*Directions for this task*
Reproduce exactly the lines from the one containing "this 730×530 image." through the end of the entries, including both. Drop the pictures.

*Extracted entries*
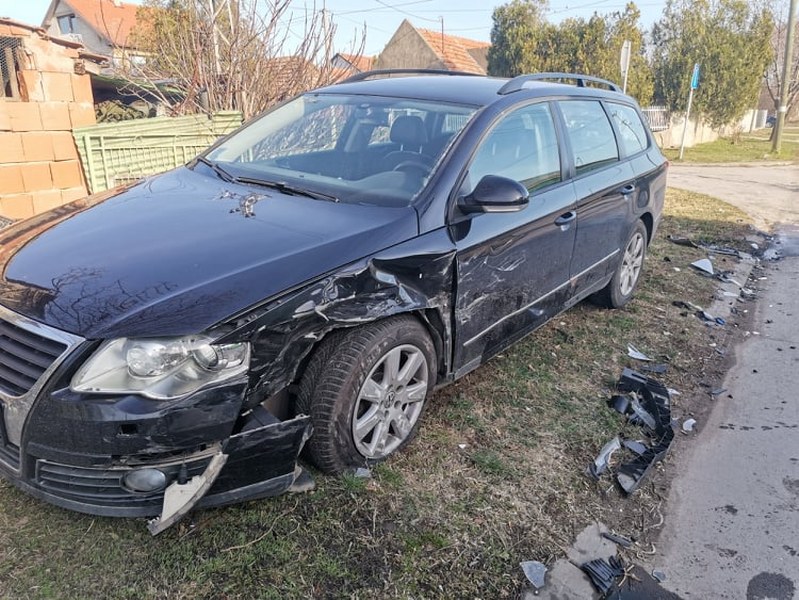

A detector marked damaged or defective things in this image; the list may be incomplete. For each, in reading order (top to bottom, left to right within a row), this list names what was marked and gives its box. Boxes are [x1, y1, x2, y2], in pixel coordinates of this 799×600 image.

damaged car [0, 70, 664, 528]
detached bumper piece [588, 368, 676, 494]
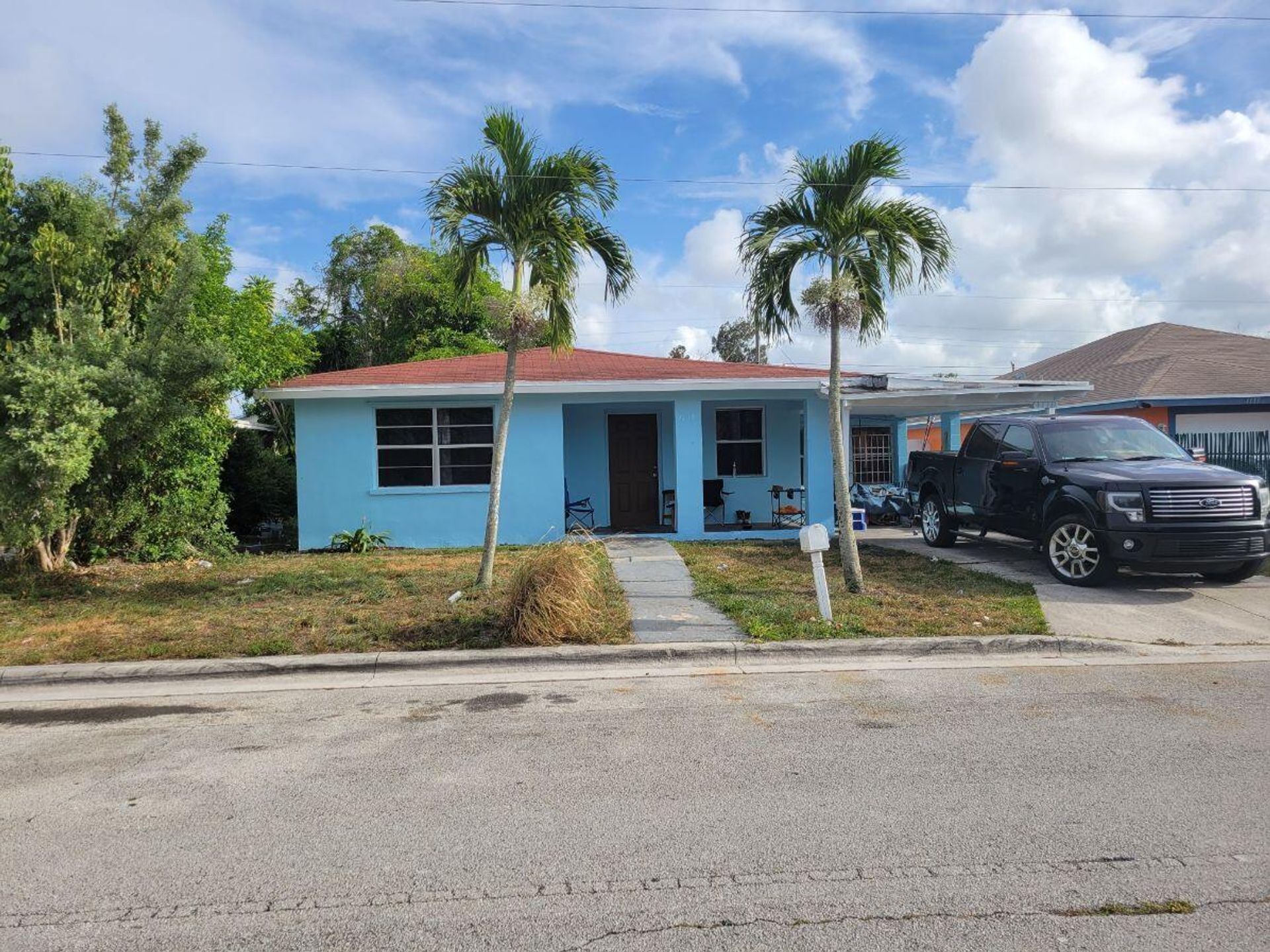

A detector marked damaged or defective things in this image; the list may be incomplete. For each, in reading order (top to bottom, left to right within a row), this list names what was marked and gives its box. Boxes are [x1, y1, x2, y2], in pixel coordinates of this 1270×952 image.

cracked road [0, 658, 1265, 947]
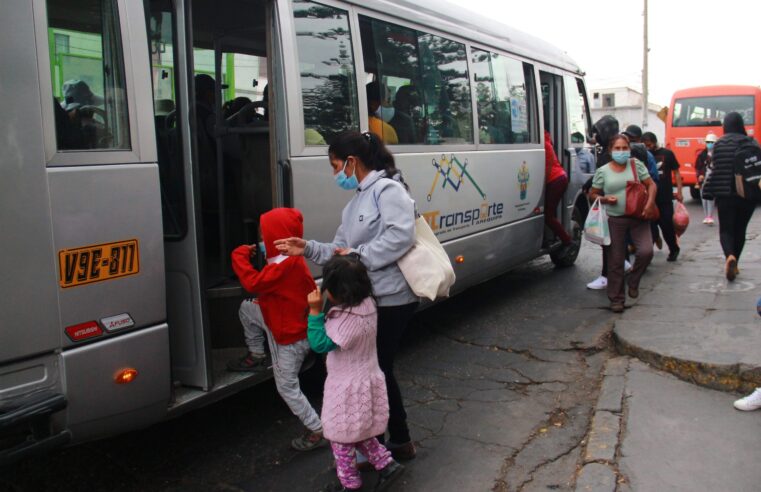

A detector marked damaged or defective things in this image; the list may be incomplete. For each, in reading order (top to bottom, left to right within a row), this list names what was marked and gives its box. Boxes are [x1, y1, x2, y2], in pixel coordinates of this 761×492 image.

cracked pavement [4, 232, 616, 492]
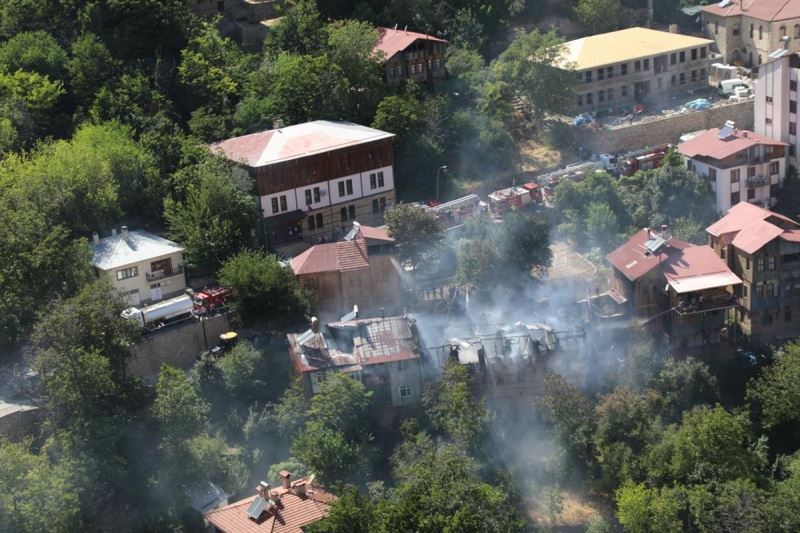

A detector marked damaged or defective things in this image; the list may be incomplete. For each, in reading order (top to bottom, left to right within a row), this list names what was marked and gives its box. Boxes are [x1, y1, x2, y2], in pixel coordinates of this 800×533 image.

burned house [608, 228, 744, 350]
burned house [288, 314, 424, 406]
burned house [206, 472, 334, 528]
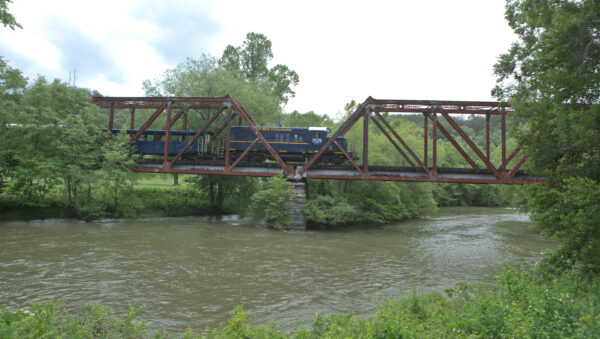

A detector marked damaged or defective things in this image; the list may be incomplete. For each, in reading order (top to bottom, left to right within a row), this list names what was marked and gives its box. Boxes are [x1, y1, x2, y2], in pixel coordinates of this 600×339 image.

rusty steel truss [92, 95, 544, 186]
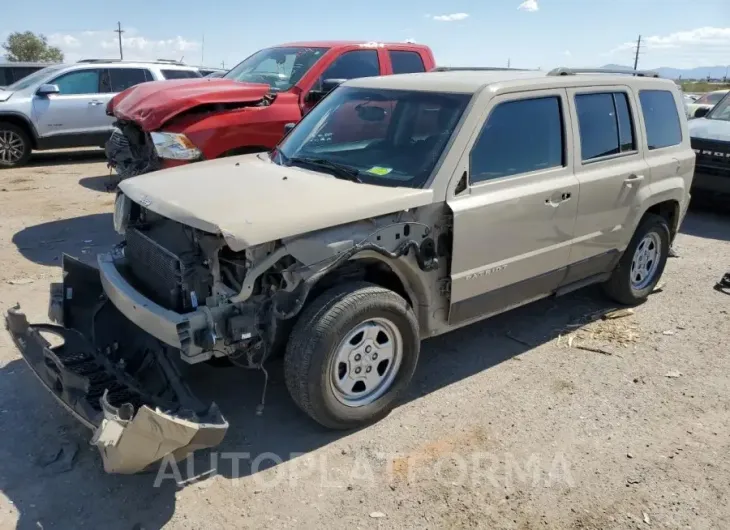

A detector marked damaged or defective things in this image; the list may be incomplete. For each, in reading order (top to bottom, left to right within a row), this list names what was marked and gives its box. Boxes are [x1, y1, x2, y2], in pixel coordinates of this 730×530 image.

broken headlight housing [149, 131, 200, 160]
crumpled hood [106, 79, 268, 131]
red truck crushed hood [111, 79, 272, 131]
crumpled hood [684, 117, 728, 142]
broken headlight housing [113, 192, 132, 233]
crumpled hood [119, 152, 432, 249]
detached bumper piece on ground [4, 254, 226, 472]
damaged front end [4, 254, 226, 472]
missing front bumper [4, 254, 228, 472]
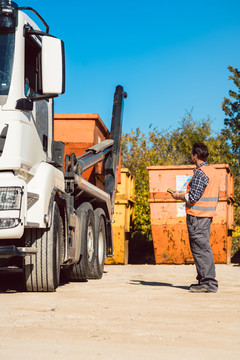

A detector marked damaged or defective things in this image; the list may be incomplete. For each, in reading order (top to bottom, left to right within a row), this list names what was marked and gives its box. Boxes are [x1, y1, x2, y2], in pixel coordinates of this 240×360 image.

rusty orange container [54, 114, 109, 190]
rusty orange container [148, 165, 234, 264]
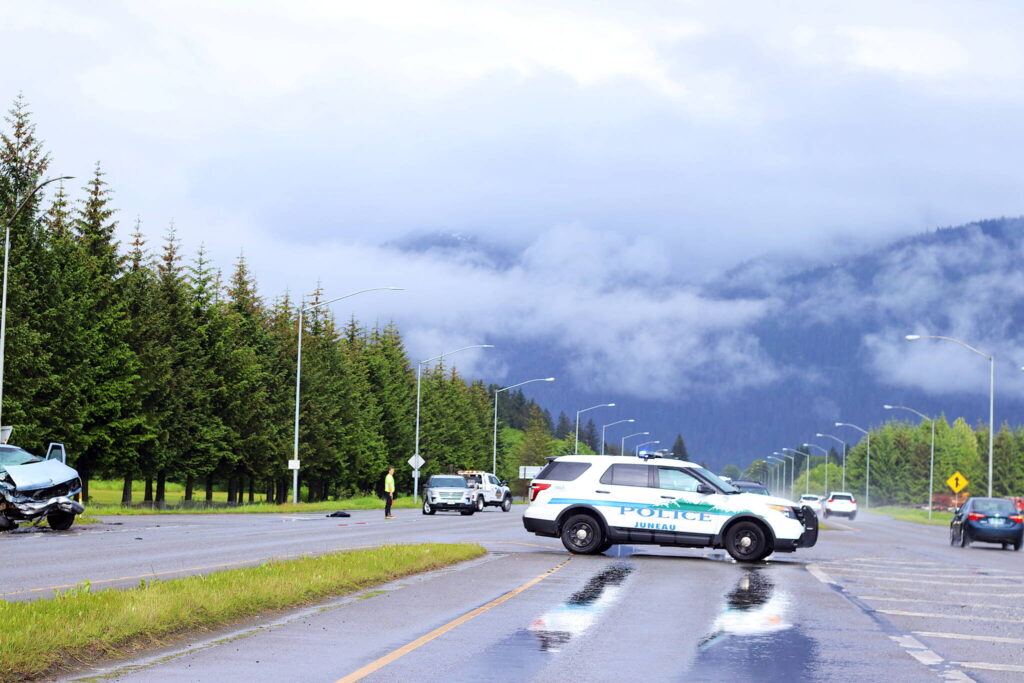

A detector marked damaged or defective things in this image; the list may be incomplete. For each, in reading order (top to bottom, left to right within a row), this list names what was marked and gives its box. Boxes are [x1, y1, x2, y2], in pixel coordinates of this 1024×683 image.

*Result for this task*
A detector marked damaged or defective things in this image; the list may be incomplete. For each, in reading order (top to bottom, left to right within a row), this list names what was marked and gives its box. Boxes are [x1, y1, x2, y2], in pixel coordinates of this 730×530 image.

broken headlight housing [149, 131, 200, 160]
crumpled hood [106, 79, 268, 131]
red truck crushed hood [111, 79, 272, 131]
crumpled hood [684, 117, 728, 142]
broken headlight housing [113, 192, 132, 233]
crumpled hood [119, 152, 432, 249]
detached bumper piece on ground [4, 254, 226, 472]
damaged front end [4, 254, 226, 472]
missing front bumper [4, 254, 228, 472]

A detector marked damaged or defective things in this image; the list may be incomplete. For each, in reading order (top to bottom, left to right within a row), this list names what was marked and gives its box. Boxes are [x1, y1, x2, y2], in pixel coordinates of this 240×360 image.

rusty orange container [54, 114, 109, 190]
rusty orange container [148, 165, 234, 264]

A detector marked damaged or defective things in this image; the list may be incomplete. For each, in reading order (top to bottom, left to right within a row), this list names what was marked and gives its box. Boxes are [x1, y1, x2, y2], in pixel coordinates of this 1024×683 image.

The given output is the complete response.